Beyond aggregate figures, investors are seeking insight into how data centre operations are affecting local communities. Water replenishment efforts and regional impact assessments are emerging as key areas of focus.

Jason Qi, Lead Technology Analyst at Calvert Research and Management, told Reuters: "We haven't seen them disclosing enough about their water consumption (and the) impact on the local community."

A Microsoft spokesperson also said that environmental sustainability remains "a core value" and that the company is addressing challenges while accelerating long-term solutions. Google declines to comment, while Meta does not respond to requests from Reuters.

Industry groups acknowledge the growing importance of transparency.

Dan Diorio, Vice President of the Data Center Coalition

Dan Diorio, Vice President of the Data Center Coalition, told Reuters: "Being upfront with them regarding energy and water use, and so that residents can understand that this project will not stress their resources... and will protect them as rate payers is crucial."

As demand for AI and cloud services expands, data centres require increasing levels of power and cooling. 

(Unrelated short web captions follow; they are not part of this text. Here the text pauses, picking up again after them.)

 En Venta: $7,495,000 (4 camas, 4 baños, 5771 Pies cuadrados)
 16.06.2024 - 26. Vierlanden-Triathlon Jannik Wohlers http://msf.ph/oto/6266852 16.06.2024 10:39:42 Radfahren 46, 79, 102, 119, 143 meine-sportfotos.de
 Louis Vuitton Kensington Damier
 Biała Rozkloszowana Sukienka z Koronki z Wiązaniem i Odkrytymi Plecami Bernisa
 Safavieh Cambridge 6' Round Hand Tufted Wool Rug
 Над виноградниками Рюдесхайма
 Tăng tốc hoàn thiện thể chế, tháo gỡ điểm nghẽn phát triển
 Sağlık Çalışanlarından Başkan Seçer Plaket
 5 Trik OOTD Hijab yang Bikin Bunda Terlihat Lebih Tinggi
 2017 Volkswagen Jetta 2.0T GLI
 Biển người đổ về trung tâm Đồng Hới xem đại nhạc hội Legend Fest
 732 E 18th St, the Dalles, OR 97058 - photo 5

While Meta, Google, Amazon and Microsoft have all adopted closed-loop systems that reduce usage, the variation in reporting makes comparisons difficult.

The issue is not only environmental but also financial. Insufficient disclosure can obscure risks tied to regulation and community opposition.

As a result, shareholder resolutions and engagement are becoming a more prominent mechanism for pushing companies to align operational growth with sustainability expectations.